Um relatório dirigido ao Conselho de Segurança das Nações Unidas inclui uma lista nominal de sete importantes personalidades sauditas que, comprovadamente financiaram a Al Qaeda, constituído por banqueiros, homens de negócio e envolvimento de importantes instituições de caridade sauditas. Noutro relatório oficioso intitulado “O Financiamento do Terrorismo”, publicado em 2002, um ano após o ataque às Torres Gémeas, o “Council on Foreign Relations of New York”, constava que “é tempo de dizer claramente o que as autoridades oficiais recusam dizer até aqui: desde há anos que pessoas e organizações caritativas instaladas na Arábia Saudita têm sido uma fonte de financiamento para o Al Qaeda”. Os 4.000 príncipes que dirigem o Reino Saudita financiam os movimentos islamitas como outrora se compravam indulgências, como, por exemplo, o milionário saudita Youssef Djamil Abdelatif que ofereceu um milhão de dólares ao movimento terrorista argelino FIS, também apoiado pelo Banco Islâmico Internacional, com o nome, em França, de Groupement Islamique de Frnace. Há tanta pouca vergonha e ganância de banqueiros que, há anos, a União de Bancos Suiços e o Crédito Suiço abriram no Próximo Oriente, na Malásia e Filipinas, Islamic Banks, que funcionavam especificamente segundo as regras do direito muçulmano.
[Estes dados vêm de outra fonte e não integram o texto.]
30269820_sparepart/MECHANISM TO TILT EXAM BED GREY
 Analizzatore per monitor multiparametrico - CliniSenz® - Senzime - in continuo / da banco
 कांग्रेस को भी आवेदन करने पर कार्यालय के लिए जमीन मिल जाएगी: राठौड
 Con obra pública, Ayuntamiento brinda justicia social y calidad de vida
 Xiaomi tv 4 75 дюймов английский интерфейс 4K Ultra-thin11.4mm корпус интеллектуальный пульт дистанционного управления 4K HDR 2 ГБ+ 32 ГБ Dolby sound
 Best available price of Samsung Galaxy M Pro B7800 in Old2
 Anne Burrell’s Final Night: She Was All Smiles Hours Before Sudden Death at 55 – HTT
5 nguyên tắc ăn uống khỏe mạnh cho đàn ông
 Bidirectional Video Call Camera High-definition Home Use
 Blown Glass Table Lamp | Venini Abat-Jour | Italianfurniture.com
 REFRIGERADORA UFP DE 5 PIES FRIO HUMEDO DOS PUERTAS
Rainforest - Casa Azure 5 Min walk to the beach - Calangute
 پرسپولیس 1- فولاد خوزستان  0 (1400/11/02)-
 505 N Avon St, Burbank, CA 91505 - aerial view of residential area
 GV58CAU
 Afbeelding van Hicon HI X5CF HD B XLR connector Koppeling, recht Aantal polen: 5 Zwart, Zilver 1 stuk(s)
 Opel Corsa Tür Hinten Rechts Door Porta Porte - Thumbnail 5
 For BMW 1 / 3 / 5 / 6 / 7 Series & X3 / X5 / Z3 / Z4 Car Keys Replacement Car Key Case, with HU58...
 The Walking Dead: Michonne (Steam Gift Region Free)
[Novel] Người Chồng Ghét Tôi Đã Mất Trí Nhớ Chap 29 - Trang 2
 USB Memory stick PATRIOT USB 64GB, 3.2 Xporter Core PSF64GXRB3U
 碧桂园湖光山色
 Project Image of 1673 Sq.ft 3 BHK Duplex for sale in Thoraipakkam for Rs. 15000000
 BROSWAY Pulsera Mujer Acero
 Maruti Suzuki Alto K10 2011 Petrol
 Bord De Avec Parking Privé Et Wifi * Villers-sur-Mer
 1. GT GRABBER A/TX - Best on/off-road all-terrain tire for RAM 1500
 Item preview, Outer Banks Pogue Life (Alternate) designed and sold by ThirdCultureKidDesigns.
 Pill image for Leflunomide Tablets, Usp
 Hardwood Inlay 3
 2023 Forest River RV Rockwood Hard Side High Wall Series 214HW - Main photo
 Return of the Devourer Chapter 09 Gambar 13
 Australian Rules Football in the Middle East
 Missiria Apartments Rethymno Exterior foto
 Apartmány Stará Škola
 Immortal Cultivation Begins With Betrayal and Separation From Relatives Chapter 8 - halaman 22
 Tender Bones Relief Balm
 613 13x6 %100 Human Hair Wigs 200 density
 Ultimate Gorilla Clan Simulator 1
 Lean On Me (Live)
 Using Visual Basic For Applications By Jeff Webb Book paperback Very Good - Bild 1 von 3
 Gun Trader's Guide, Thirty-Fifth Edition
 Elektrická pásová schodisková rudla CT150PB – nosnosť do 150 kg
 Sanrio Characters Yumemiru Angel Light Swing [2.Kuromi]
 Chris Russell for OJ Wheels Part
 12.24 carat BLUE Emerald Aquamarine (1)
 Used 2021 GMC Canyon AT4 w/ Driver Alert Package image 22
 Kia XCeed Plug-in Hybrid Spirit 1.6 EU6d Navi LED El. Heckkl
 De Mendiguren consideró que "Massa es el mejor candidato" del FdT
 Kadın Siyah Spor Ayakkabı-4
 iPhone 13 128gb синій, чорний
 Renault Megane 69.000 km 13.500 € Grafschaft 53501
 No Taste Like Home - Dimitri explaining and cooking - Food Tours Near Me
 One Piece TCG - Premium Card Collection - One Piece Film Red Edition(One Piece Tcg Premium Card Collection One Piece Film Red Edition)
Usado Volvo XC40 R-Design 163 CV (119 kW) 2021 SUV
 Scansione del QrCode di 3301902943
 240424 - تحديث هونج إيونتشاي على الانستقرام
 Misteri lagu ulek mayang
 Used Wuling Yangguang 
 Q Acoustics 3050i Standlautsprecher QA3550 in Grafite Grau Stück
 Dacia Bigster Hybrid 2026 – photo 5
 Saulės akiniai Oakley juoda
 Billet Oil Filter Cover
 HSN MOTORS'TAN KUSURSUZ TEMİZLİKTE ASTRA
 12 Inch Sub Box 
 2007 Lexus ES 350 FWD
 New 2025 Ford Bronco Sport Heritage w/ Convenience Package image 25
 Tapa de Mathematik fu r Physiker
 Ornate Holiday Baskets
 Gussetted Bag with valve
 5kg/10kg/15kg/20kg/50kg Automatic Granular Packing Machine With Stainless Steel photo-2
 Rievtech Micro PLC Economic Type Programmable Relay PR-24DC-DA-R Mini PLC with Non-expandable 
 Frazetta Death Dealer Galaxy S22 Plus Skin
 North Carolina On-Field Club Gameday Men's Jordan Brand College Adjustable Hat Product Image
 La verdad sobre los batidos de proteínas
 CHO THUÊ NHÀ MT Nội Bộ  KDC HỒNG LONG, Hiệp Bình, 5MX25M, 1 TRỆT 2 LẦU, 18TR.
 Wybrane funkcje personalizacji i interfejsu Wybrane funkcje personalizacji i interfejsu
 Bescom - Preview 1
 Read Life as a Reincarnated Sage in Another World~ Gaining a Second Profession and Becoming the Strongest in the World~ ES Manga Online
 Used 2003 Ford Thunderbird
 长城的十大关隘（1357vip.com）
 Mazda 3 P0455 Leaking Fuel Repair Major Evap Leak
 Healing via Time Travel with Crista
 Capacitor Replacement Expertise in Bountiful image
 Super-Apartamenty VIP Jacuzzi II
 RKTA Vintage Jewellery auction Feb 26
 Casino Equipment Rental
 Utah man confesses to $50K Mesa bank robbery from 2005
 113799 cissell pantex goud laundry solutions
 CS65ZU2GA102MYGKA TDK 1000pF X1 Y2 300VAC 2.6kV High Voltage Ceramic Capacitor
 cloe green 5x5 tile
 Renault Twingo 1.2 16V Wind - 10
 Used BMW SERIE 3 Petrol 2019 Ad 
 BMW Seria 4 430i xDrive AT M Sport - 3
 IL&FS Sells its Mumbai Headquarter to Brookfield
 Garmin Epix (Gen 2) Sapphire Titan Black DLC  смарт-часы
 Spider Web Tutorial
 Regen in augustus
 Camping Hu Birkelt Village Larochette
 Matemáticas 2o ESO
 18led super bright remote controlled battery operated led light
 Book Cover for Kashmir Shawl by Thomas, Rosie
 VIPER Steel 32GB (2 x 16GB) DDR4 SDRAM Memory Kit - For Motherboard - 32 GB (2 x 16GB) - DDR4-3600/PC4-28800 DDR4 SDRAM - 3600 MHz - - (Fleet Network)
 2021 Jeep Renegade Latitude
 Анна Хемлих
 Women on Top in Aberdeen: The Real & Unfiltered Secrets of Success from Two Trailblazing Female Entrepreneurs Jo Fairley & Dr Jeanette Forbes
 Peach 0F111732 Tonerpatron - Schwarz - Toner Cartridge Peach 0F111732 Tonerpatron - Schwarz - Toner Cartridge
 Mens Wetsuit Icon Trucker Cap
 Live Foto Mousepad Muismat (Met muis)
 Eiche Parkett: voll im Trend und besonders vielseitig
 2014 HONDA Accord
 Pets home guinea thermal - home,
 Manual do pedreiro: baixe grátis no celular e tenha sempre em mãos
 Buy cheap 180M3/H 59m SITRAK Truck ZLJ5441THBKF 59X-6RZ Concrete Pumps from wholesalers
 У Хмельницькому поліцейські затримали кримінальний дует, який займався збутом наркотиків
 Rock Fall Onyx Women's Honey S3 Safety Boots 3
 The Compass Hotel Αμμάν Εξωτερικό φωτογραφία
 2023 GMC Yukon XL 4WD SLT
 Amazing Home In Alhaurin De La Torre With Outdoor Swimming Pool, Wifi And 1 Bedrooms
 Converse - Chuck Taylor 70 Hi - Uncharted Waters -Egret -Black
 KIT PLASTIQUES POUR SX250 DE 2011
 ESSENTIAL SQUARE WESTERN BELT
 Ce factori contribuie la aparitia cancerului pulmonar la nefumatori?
O mesmo aconteceu com o Citibank que abriu, em 1996, no Bahrein, a sua primeira “agência islâmica”.

É a Arábia Saudita, com a sua seita religiosa Wahabismo (sunita), que surge cada vez mais como o verdadeiro núcleo duro da nebulosa islamita e terrorista.

Mais de 263 organismos foram oficialmente designados como financiadores do terrorismo e foram excluídos do sistema financeiro mundial, embora a confiscação de capitais de origem criminosa pelos EUA se tenha limitado a bloquear 130 milhões de dólares destinados ou pertencendo a terroristas, parecendo não haver grande vontade política de levar às últimas consequências confiscação de capitais e de pôr de quarentena países como a Arábia Saudita, o Qatar e outros, que toleram, financiam e/ou albergam terroristas, tal o poder financeiro desses países e o comprometimento com estes do país que poderia resolver o problema. Esta realidade leva a que este poder mafioso financeiro consiga colocar os seus homens à frente de Estados, os quais se encarregam de bloquear tudo que não lhes convém. Parece, como afirmou Ana Gomes, eurodeputada portuguesa do partido socialista, vice-presidente da comissão especial Paradise Papers, estar “Cada vez mais convencida de que alguns Estados-membros (da EU) não querem consequentemente combater o branqueamento de capitais e o financiamento do terrorismo; querem só fingir que o fazem”.

Apresentam-se cenas televisivas revoltantes de terrorismo de Estado na Síria, Líbia, Iraque, Estado Islâmico (Daech), Coreia do Norte, Birmânia e Irão, jamais no Yémen onde a Arábia Saudita, apoiada pelos EUA, bombardeia cidades matando civis, nem dos julgamentos na Arábia Saudita com enforcamentos e apedrejamento de adúlteras até à morte, numa terra onde a mulher é uma coisa e os Direitos Humanos nunca foram respeitados, isso porque houve um acordo especial entre os EUA e a família Saoud para a criação do Estado da Arábia Saudita (com o nome da família Saoud) quando aí descobriram petróleo, garantindo protecção ao Estado desde que o petróleo só pudesse ser vendido em dólares. Recentemente, dois Estados que decidiram vender o seu petróleo noutras moedas, viram-se invadidos, destruídos e liquidados os seus presidentes, Iraque e Líbia, onde agora reina a anarquia e o caos totais.

Sem bloquear os santuários territoriais onde se refugia o terrorismo e os recursos de que dispõe, prevalecendo os oligarcas no poder numa teocracia islâmica que se sobrepõe aos interesses da comunidade internacional, a ameaça terrorista poderá aumentar, deixando antever o pior.